Then came Trafigura, which only served to reinforce our belief that while the rest of us had practically taken to burning the midnight oil because we could no longer pay our bills, quite a few other palms were being greased along the way.

This was a sentiment which came through loud and clear from within PN party ranks, in the immediate aftermath of the defeat. I must have read four or five testimonials from a number of normally taciturn and very unlikely Nationalist MPs who voiced similar fears, disappointments and concerns. Which made you wonder how 44 per cent of the electorate could be so convinced about PN, when they themselves clearly weren’t.

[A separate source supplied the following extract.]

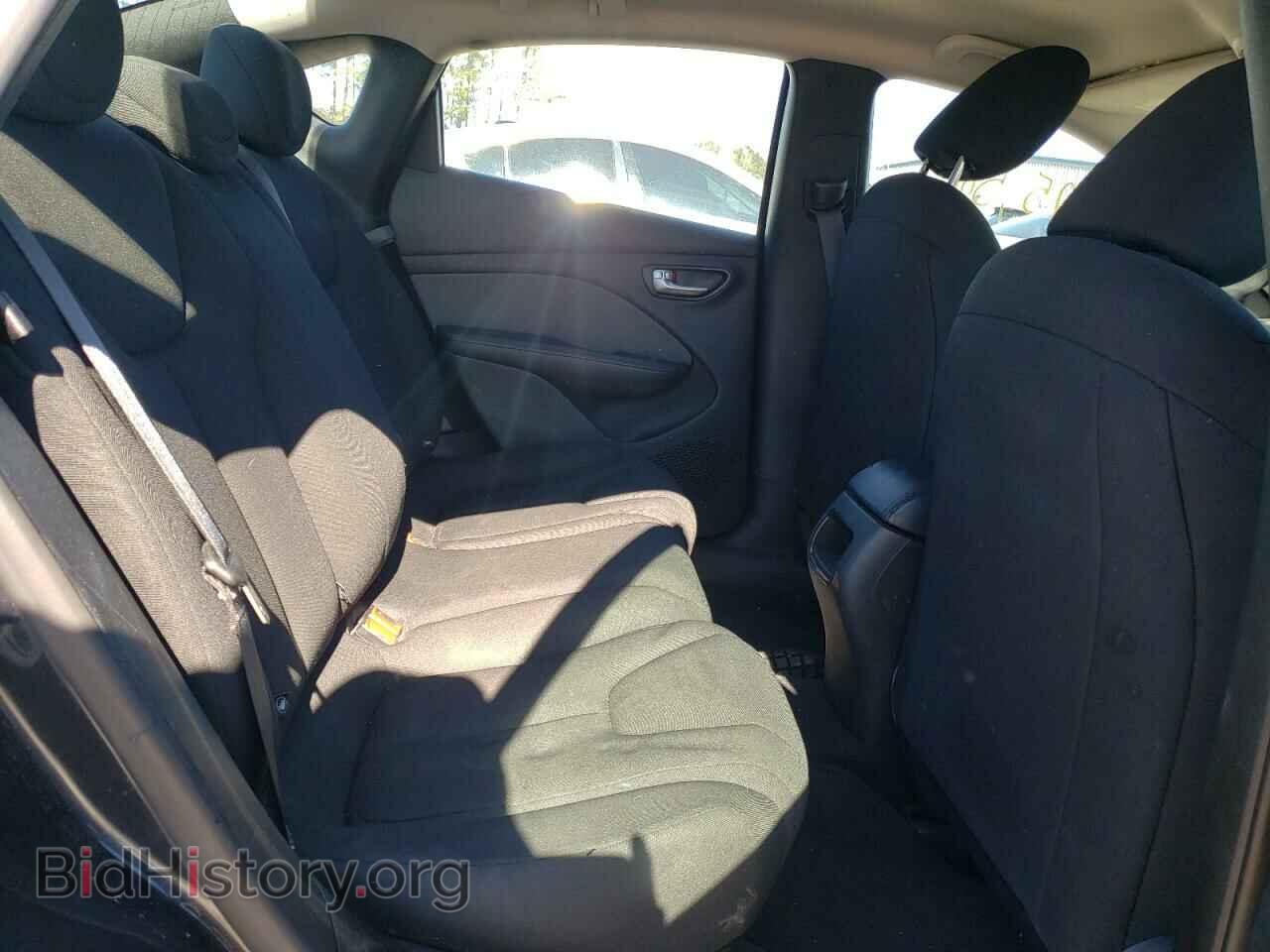 2013 DODGE DART - VIN: 1C3CDFAA0DD291856 - Фото 6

Beppe Fenech Adami seemed to attribute the defeat to the oil scandal – which he claimed cost the PN their moral high ground – as well as the politics of divide and rule. In his words, “all human beings are equal and ought to be treated as such” – something his party clearly failed to grasp. Had they gotten off their high horse during the campaign and admitted there might be a problem after all, I reckon it would’ve probably scored them points.

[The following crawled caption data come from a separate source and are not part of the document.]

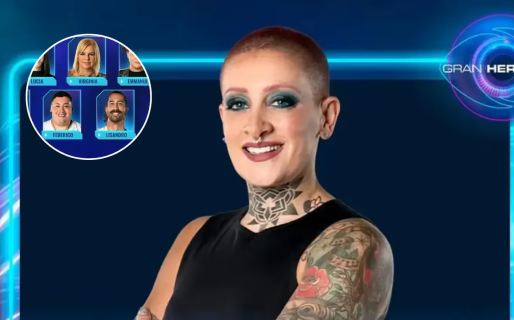 El pedido de Furia para sus seguidores a días de la gala de eliminación en Gran Hermano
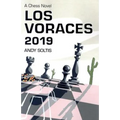 Los Voraces 2019: A Chess Novel - Paperback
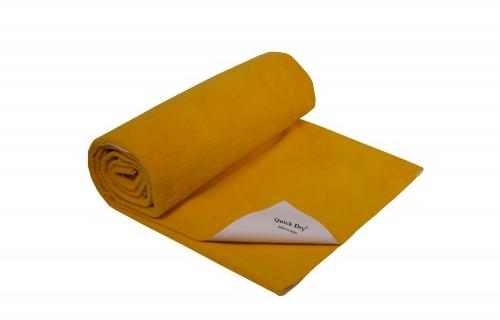 Quick Dry Sheet Plain - Mango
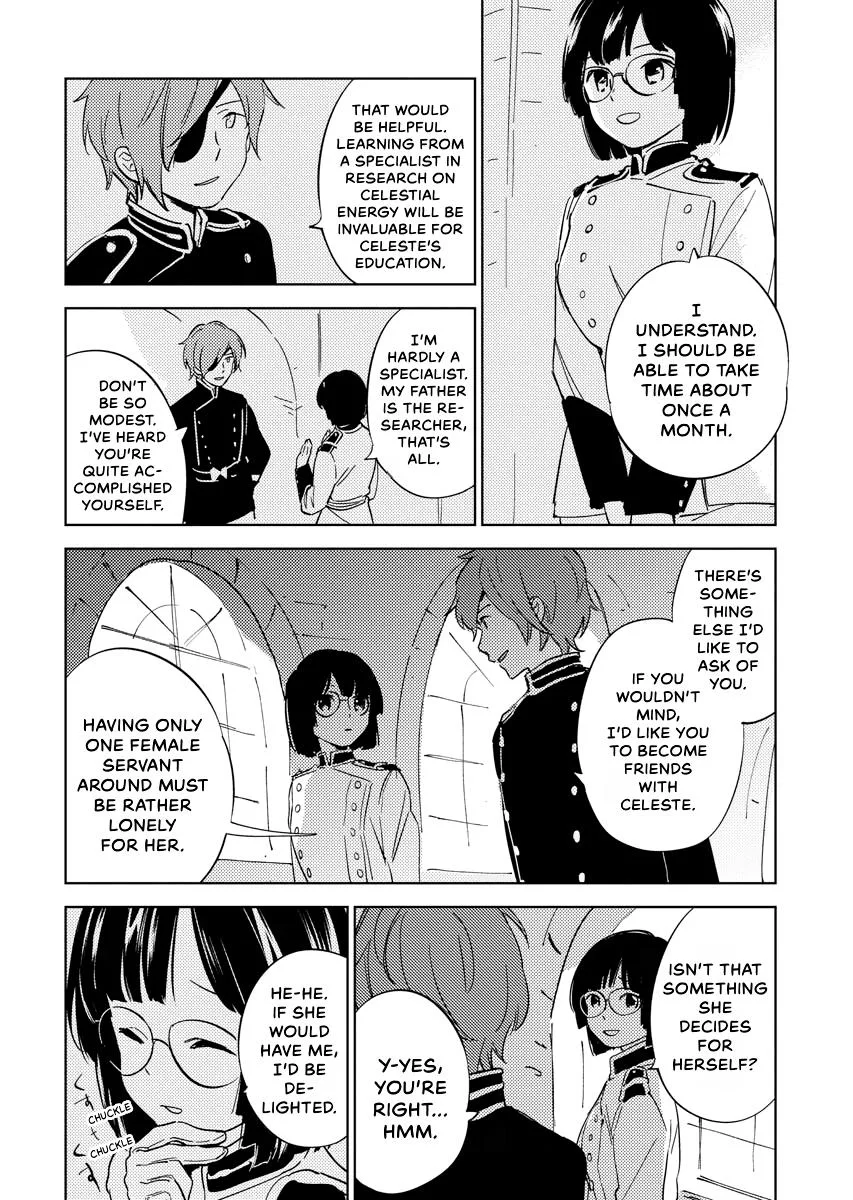 The Fake Marriage of a Noblewoman Chapter 15 page 12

I wonder whether the PN has finally understood what a complete and utter turn-off their divisive Nationalist Face campaign proved to be, to all but the speck-seeing bigots among us. It was a campaign which managed to turn off moderate and level-headed Nationalists, many of whom voted PN by force of habit, but secretly hoped for a PN defeat and breathed a sigh of relief when it was all over. Unsurprisingly, the people who did their utmost to scaremonger and remind us that a Labour Government would send the country back 30 years, were the only ones remotely interested in going back there. We even had Eddie Fenech Adami return to the granaries to deliver one of his signature speeches, in what was a very bad judgment call and a desperate throwback to the 1980s.

Facebook frequently degenerated into an ugly exchange of barbs, boycotts and personal attacks on anyone who had the temerity to suggest that they no longer felt comfortable supporting a government just because once upon a time, it was a very good idea.

Malta is mostly made up of people who are too unimaginative to revise their political allegiances from time to time and who think that political affiliations, like brown eyes, are something you are born and stuck with. With like-minded thinking, the PN would never have got into power in 1987. And even then, they swung it marginally, by 8,000 votes, when in truth, back then the swing ought to have been much bigger.

This time round, 30,000 more people changed their mind one way or the other. It may have been a huge victory for Labour and a testament to Joseph Muscat’s hardly amateur campaign, which was quite flawless and exactly what the doctor ordered in the particular political climate. While the PN tried to categorise and label, Muscat’s campaign didn’t. It allowed you to be whoever you wanted to be, because nowadays people don’t want to be put into boxes, talked down to, made to feel inferior or patronised.

What this election certainly proved is that no government can overstay its welcome and that the old Malta of red versus blue, us versus them, is out, hopefully never to return. And that clutching to one’s glorious past while fumbling in the here and now is clearly not good enough.